Biking or hiking on Sanibel Island is the best way to discover many hidden spectacles. With large pieces of the island marked as nature reserves, the seaside creatures are abundant and easy to sight from trails designed to allow visitors to explore the wildlife close up. The J. N. Ding Darling National Wildlife Reserve is home to an endless numbers of birds and other types of wildlife. The reserve on Sanibel Island was first founded by editorial cartoonist and conservationist Jay Norwood Darling, who led efforts to create a lease of land known as the Sanibel Refuge. The route through the reserve leads past tidal mud flats and mangrove forests where you can find roseate spoonbills, white ibis, little blue herons, reddish egrets, brown pelicans, and other colorful birds resting, feeding, and preening.
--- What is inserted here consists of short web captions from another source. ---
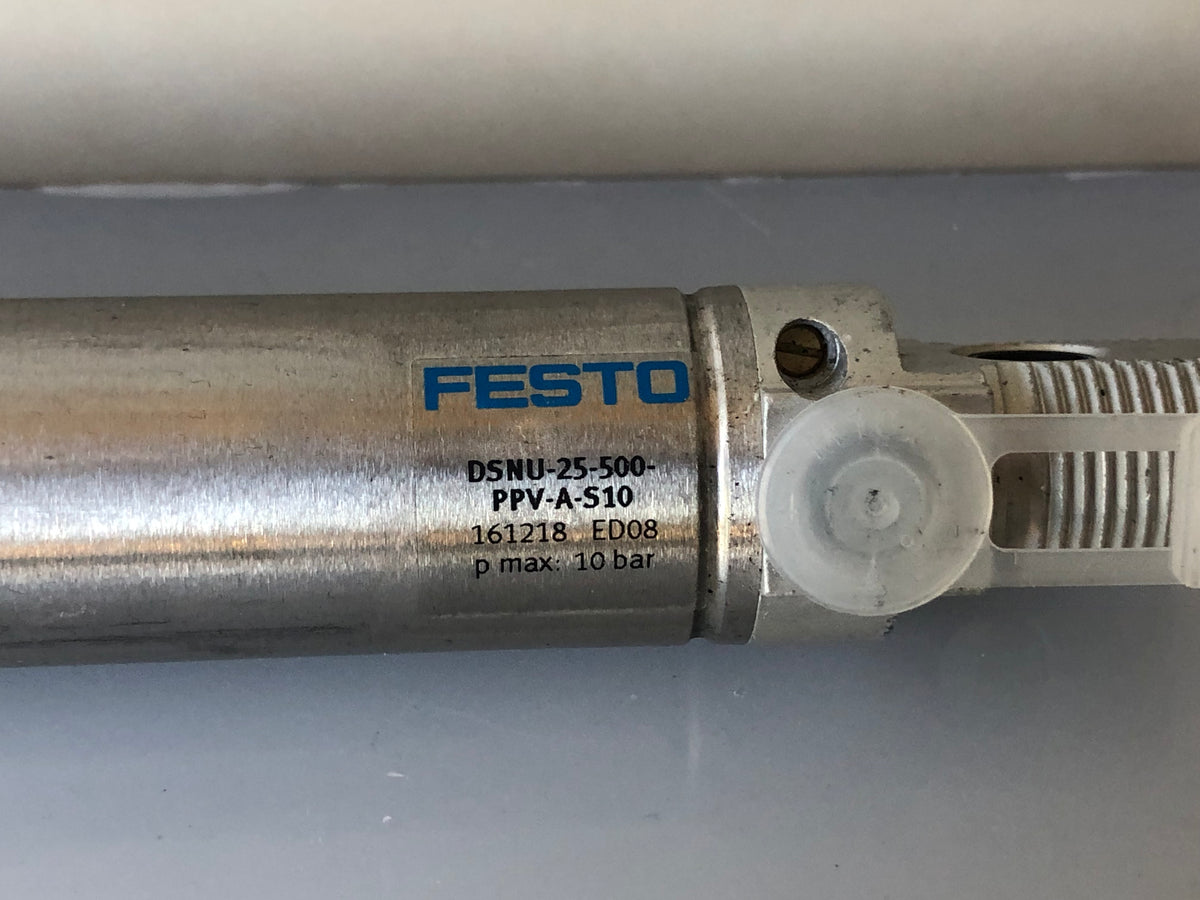 1x FESTO DSNU-25-500-PPV-A-S10 161218 Pneumatic Cylinder 25mm Bore, 500mm Stroke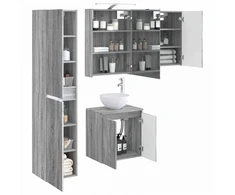 Vonios spintos komplektas 5 pcs Pilka Sonoma 50 x 14,5 x 70 cm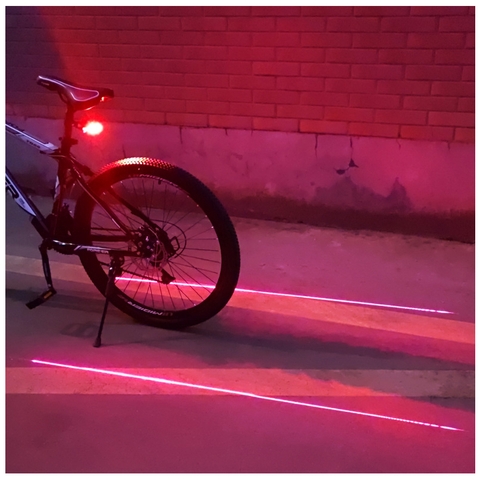 Đèn Led Hậu 2 Dải Laser + 5 Bóng Led Cảnh Báo Xe Đạp Gắn Phía Sau, Chống Nước Giúp Đạp Xe An Toàn Ban Đêm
The sightings throughout this reserve are endless, and each bird has its own unique beauty. The snowy egret has a long black beak and slender white body, and the great egret is all legs and neck, balanced by vast wings. The glossy black cormorants can most often be spotted in the branches of trees, stretching their wings and sunning. Big brown pelicans bounce in the waves near the shoreline, nonchalantly ducking for dinner, and red-shouldered hawks with mottled brown bodies and rust-colored shoulders perch in regal majesty in the highest and barest tree tops. The osprey is startling, with a bright white belly, a dark back and wings, and a chocolate band across its eyes. You will easily find a gallery of feathered friends in these skies, but don’t forget to look down now and then to spy an alligator lazing in the murky swamp canals. Towards the end of the route through the reserve, a small tropical forest rises over an old Calusa Indian shell mound with a trail leading around it.
After a day of exploration, the end of the day on Sanibel Island is marked each night when the sun begins its slow descent below the glass water rim of horizon. To the East the sky turns from blue to a layered mosaic of pale green, blue-violet, and rose blush. To the West the brilliance of the sinking sun is too much to look at directly – colors of rich radiant gold, gentle orange, brick red, and lavender. The sky undergoes a metamorphosis from one moment to the next. The hues and blends and tints shift constantly – a slower, softer kaleidoscope of design.
People gather on the beaches of Sanibel Island to watch the sun sink under, breathing in the transition as it occurs. The sun ball becomes an amazing tangerine orange that suddenly, without warning, vanishes far more quickly than expected behind a slender blanket of purple clouds that gathers to hug the horizon. The last slice of orange turns into a speck and is gone then, night crawling over the water, growing from purple-blue to black. The tall umbrella palm trees have thick spindle leaves that in the wind sound like brooms, softly sweeping the sky. The white sand meets the ghost of tides in the sudden darkness, so deep, and the sound of the waves rushing to land fills the night.
The beauty of Sanibel Island goes beyond sunrises and sunsets, seashells and birds. You will find many excursions that travel the sea in search of dolphins, as well as opportunities to explore other nearby treasures, such as boat rides to remote Cayo Costa Island, canoe adventures, fishing trips, and visits to the winter estates of Thomas Edison and Henry Ford. Every nook and cranny of Sanibel Island holds something to savor. From the time the sun rises, to the time it melts into the horizon, your days will be filled with wonder, beauty, and enchanting fun.